Can you plan a wired expansion module with one 10G and four 2.5G? BPI-R4 It only needs to be responsible for wired connections.
Then buy nice 10gig plus 2.5 gig switch?
4 2.5G ports? Then SinoVoip needs to add a switch chip and increase the price by $30, are you willing to pay for that?
One 10g, four 2.5s, no hesitation worth it
Anyway, it’s worth it After all, switches with 10G interfaces are more than just that price
We have discussed the feasibility of four 2.5G with MTK,and MTK is currently verifying it, but it will take some time.
There are also many 2xSFP+ with four 2.5G switches on the market now, such as TPlink, which can be added to R4 with fibre or DAC cable.
Ordered this one some time ago for 38€ (black week)
https://de.aliexpress.com/item/1005005992916169.html
But have not done much tests as i need more than one 2g5 client and 10g support on R4 (rss/lro).
Die 2x2L Schnittstelle sollte ausreichen, um gleichzeitig einen 10G Netzwerkport und vier 2,5G Netzwerkports zu erweitern
I have one just like this but different brand, with heave load over 10 gig and aome of 2.5gig port it just works, tested it with 10 and 25 gig dac/fibers and all good. Hope next bpi r5 or 6 wilnhave 25gig ports and nice mediatek cpu with npu.
No I disagree. An 8 port 2.5G with one 10G uplink should be less than $50 using Realtek chip. A 4 port 2.5G should be less than $30. Charging you more than that is ripping you off.
Anyway, these are the prices for a “dumb” switch. If you need managed switch using ip suite commands, then that is non-existent right now. I don’t even know anyone makes multigigabit switches with DSA capabilities. Probably Marvell Link Street will be the first.
MaxLinear has a 8 port 2.5G + two 10G managed switch chip, but that is $80 I believe. I don’t even know how the host CPU would control this chip.
I am more curious as to when any of these CPUs would have multigigabit crypto performance. Dual 8Gbps is the maximum home Internet I could get from two ISPs, one’s PON line supports up to 40Gbps though.
RK3588 should be able to handle 4 x 2.5G. The M7 is a good start with 2 x 2.5 G. Then just add an ASM2812 with a few more RTL8125 or I-226.
The problem there is we need to manually patch the Realtek driver to support multi-queue or use the more expensive I-226. The last time I tested it, RK3568, r2-pro could do full 2.35G routing, only using 2 cores full and other 2 cores around 33%.
It’s pretty easy to find a mini-pcie adapter having 2 2.5g ports, if you buy 2 of them, don’t you have exactly what you need?
EDIT: this is how it shows on my bpi-r64, underperforming because it’s limited to the board’s pcie 1.1 interface:
0000:01:00.0 PCI bridge: ASMedia Technology Inc.
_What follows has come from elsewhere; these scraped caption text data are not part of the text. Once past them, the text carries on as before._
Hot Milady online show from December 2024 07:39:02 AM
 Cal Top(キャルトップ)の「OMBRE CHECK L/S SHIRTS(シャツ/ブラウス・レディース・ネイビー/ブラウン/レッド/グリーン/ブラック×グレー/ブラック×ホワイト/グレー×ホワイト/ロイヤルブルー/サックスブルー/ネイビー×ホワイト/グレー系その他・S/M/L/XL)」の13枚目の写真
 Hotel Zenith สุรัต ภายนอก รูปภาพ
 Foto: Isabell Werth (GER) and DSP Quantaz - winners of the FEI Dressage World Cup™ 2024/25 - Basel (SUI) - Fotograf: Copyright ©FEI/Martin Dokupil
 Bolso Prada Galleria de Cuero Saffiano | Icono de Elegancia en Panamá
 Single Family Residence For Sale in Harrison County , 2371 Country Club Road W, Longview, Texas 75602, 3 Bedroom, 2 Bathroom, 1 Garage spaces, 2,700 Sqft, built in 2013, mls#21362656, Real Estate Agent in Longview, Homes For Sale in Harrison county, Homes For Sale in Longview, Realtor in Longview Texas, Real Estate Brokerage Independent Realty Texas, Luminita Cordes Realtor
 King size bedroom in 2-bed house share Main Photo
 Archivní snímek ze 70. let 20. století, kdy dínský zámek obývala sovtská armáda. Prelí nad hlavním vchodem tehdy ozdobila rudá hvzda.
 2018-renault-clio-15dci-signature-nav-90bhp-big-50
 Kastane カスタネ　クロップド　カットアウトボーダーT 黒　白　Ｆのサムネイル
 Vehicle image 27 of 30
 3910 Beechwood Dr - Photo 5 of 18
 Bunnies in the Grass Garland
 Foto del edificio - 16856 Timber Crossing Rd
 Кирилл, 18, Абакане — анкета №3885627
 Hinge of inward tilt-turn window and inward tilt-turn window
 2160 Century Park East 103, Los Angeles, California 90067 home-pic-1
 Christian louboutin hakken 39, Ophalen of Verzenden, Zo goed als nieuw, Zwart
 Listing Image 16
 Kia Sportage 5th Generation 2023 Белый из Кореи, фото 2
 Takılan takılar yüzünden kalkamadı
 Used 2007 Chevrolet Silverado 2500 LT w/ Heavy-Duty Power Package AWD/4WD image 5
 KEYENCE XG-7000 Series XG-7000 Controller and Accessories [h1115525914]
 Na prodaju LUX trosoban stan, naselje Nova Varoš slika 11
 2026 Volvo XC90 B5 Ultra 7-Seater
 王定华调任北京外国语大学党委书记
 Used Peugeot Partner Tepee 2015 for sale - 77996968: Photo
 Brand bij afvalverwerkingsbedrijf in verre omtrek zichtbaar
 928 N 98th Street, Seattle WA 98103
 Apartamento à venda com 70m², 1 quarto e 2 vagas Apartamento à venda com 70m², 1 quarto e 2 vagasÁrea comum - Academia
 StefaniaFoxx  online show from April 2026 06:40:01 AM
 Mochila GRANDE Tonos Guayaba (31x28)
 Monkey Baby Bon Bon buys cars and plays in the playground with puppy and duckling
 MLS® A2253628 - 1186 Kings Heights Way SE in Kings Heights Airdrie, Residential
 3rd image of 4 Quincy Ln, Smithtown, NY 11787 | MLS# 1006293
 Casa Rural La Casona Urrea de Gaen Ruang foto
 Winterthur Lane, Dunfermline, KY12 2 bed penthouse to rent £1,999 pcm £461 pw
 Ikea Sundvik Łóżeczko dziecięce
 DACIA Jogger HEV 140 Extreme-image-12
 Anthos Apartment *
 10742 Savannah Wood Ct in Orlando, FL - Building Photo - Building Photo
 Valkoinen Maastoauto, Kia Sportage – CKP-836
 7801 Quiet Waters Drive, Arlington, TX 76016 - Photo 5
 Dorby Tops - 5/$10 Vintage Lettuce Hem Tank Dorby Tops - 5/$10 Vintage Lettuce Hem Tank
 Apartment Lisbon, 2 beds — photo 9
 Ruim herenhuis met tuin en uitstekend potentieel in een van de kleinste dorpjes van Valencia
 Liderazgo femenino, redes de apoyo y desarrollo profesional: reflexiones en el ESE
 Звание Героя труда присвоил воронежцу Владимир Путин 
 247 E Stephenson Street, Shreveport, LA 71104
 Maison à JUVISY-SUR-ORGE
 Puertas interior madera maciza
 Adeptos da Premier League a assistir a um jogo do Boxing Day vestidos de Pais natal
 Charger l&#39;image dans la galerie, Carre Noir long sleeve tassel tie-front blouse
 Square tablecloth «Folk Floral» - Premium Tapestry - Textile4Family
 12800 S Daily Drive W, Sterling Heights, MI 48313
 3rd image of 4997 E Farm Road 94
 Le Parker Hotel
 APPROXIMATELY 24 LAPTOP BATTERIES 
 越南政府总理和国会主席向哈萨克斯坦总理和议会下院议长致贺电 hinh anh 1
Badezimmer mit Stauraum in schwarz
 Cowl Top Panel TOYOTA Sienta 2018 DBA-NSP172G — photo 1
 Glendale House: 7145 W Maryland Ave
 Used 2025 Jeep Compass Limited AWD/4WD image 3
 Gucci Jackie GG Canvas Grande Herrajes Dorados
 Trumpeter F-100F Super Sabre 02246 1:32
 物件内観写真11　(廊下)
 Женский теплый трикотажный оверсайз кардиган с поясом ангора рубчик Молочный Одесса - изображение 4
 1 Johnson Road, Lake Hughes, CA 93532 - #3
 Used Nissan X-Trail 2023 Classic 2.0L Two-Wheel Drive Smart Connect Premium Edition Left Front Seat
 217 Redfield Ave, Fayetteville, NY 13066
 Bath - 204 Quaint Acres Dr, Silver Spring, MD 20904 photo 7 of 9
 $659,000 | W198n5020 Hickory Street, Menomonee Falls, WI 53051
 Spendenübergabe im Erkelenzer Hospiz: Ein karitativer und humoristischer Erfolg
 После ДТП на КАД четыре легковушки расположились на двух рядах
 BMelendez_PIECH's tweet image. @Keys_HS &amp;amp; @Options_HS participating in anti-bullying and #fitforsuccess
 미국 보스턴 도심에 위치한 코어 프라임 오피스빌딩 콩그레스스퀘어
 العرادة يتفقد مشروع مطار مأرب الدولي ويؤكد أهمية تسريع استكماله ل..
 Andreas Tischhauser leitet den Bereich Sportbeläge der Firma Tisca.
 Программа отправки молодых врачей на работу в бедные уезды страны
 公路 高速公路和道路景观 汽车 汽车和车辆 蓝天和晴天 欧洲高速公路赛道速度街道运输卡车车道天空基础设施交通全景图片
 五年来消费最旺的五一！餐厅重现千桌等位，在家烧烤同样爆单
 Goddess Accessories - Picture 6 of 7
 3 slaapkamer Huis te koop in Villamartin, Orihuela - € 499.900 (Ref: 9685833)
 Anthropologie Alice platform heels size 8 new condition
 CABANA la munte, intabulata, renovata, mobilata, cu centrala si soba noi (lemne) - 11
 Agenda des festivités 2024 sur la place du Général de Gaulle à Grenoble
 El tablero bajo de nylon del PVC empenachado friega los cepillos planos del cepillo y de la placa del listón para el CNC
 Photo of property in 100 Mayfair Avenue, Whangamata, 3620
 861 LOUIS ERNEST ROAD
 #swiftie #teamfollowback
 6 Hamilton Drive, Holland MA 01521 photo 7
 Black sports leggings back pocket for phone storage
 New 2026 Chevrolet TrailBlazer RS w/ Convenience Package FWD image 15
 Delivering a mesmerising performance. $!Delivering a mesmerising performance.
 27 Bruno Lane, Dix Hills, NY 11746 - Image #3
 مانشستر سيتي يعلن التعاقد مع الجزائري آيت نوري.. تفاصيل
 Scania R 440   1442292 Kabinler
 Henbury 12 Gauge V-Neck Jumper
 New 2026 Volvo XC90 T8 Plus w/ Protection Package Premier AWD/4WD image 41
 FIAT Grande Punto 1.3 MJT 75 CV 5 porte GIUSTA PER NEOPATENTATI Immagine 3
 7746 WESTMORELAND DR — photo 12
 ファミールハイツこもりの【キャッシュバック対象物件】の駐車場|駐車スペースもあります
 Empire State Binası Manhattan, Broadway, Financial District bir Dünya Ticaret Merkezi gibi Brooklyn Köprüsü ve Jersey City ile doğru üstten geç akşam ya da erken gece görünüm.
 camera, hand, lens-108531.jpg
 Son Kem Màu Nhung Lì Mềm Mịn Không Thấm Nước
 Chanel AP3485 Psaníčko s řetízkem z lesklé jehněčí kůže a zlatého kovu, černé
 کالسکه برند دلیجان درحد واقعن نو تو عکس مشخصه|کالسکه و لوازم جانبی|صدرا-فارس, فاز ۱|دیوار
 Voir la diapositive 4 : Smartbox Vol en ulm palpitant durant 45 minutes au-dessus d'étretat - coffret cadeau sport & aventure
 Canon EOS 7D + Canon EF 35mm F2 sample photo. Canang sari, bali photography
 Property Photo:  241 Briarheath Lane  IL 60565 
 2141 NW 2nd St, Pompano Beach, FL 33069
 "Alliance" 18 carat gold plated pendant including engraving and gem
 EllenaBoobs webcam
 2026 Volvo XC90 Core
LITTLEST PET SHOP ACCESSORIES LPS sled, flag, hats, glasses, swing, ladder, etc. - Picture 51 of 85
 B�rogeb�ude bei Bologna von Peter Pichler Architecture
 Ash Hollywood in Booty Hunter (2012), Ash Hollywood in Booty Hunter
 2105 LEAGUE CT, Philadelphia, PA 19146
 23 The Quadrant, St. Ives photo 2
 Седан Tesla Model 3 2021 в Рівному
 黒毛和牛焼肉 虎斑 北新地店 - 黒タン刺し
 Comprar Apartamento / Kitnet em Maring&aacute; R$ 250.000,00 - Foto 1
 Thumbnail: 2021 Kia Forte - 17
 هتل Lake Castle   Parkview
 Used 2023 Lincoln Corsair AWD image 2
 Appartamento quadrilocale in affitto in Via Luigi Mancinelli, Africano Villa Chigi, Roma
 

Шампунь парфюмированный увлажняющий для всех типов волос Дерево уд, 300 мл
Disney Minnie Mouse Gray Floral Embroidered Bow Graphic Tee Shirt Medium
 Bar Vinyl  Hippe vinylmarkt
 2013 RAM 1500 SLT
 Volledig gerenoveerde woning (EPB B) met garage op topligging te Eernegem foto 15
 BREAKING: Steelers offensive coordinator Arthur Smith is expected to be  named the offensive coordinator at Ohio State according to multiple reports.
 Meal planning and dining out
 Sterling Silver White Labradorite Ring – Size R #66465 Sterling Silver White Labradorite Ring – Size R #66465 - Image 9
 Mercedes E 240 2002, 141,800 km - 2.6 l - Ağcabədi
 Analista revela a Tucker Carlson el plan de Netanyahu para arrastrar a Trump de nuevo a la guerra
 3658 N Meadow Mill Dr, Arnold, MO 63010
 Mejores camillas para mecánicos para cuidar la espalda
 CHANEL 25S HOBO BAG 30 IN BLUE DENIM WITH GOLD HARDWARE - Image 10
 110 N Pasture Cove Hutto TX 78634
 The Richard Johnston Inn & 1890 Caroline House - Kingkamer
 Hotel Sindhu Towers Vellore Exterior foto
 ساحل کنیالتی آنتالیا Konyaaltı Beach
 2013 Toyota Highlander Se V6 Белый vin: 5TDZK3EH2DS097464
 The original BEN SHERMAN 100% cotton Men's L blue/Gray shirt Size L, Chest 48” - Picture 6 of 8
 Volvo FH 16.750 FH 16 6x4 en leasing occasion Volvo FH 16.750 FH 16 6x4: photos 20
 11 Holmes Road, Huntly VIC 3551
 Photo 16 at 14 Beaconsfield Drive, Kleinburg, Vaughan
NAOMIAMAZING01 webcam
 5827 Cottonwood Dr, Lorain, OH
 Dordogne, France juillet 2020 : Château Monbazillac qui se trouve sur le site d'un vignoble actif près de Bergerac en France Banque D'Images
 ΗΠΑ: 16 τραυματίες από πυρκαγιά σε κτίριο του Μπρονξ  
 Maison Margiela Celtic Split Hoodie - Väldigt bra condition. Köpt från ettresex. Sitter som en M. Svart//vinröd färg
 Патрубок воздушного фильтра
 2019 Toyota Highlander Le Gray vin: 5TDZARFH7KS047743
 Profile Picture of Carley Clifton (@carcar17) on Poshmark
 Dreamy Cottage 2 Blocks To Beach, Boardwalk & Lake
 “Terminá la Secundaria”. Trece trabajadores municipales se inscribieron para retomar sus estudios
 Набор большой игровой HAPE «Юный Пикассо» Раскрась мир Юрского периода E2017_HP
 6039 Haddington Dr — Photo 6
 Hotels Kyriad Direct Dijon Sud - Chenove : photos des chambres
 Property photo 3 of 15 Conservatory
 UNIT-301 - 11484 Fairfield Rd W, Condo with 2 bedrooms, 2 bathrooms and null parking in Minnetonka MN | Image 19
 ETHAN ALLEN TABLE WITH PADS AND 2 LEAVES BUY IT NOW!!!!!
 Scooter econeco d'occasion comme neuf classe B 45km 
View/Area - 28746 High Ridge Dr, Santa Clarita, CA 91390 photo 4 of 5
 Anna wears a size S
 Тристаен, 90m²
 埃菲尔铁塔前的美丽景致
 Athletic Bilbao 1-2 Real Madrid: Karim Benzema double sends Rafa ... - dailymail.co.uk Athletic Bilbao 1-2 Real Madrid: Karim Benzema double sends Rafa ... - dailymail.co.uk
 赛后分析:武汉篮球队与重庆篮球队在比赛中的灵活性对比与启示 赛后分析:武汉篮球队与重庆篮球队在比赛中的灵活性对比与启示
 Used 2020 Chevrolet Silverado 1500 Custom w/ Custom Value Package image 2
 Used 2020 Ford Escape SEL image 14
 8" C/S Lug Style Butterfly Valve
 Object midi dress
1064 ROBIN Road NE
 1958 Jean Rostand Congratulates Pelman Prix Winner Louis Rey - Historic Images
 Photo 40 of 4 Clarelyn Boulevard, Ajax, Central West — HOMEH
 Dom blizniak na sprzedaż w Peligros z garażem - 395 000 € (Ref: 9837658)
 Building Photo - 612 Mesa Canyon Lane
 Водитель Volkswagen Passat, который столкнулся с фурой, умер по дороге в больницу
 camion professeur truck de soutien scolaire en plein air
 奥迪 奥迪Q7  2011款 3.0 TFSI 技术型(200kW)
ASM1182e 2-Port PCIe x1 Gen2 Packet Switch
0000:02:03.0 PCI bridge: ASMedia Technology Inc. ASM1182e 2-Port PCIe x1 Gen2 Packet Switch
0000:02:07.0 PCI bridge: ASMedia Technology Inc. ASM1182e 2-Port PCIe x1 Gen2 Packet Switch
0000:03:00.0 Ethernet controller: Realtek Semiconductor Co., Ltd. RTL8125 2.5GbE Controller (rev 04)
0000:04:00.0 Ethernet controller: Realtek Semiconductor Co., Ltd. RTL8125 2.5GbE Controller (rev 04)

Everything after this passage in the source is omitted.